◆ Exercise
From the entries below, return exactly the lines beginning at the one that contains "Оптоволоконный кабель Связка оптоволокон" and ending at the one that contains "懃懃 - 國語大辭典配圖", both of them included, and only those lines.

◆ Records provided
▼
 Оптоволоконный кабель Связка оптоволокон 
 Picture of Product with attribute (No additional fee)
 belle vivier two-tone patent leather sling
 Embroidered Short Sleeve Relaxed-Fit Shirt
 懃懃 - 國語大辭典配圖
▲
▼
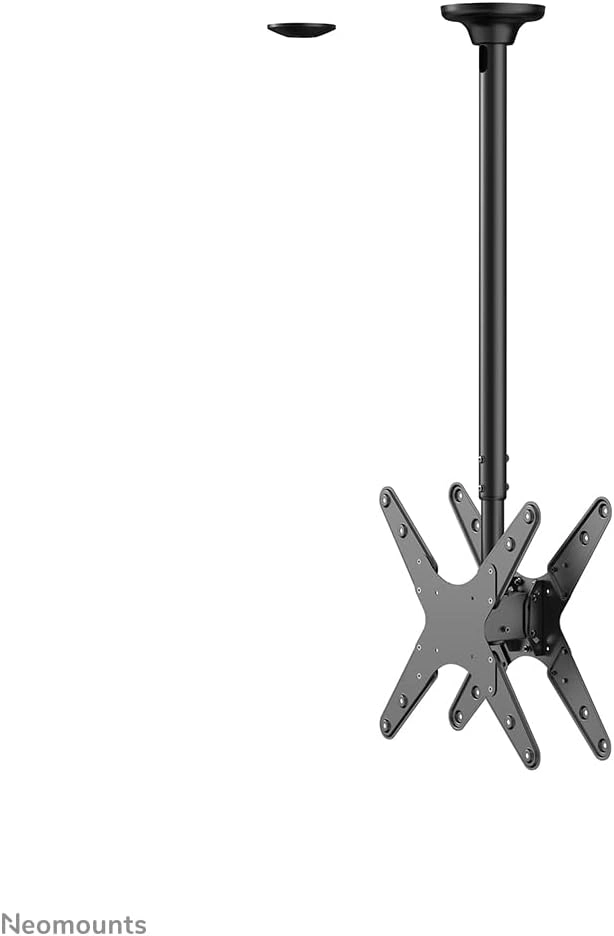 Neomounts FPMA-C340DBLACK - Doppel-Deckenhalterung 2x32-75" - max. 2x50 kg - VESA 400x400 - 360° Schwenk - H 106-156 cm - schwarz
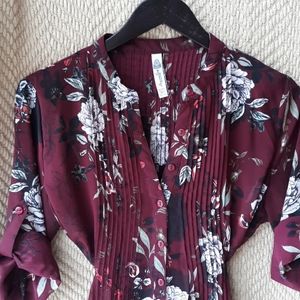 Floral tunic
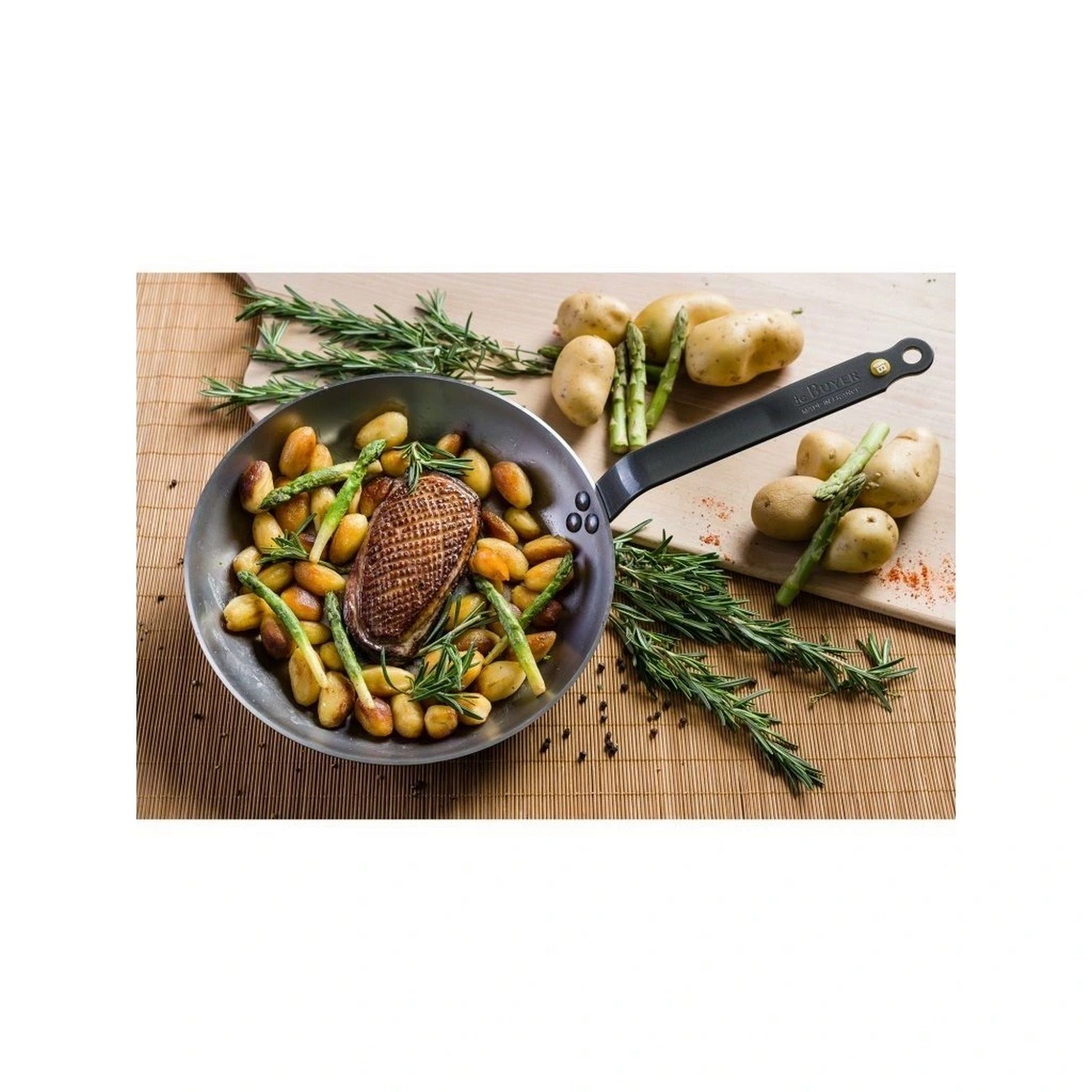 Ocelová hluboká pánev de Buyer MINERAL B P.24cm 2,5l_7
▲
◆ Output of the exercise
 Оптоволоконный кабель Связка оптоволокон 
 Picture of Product with attribute (No additional fee)
 belle vivier two-tone patent leather sling
 Embroidered Short Sleeve Relaxed-Fit Shirt
 懃懃 - 國語大辭典配圖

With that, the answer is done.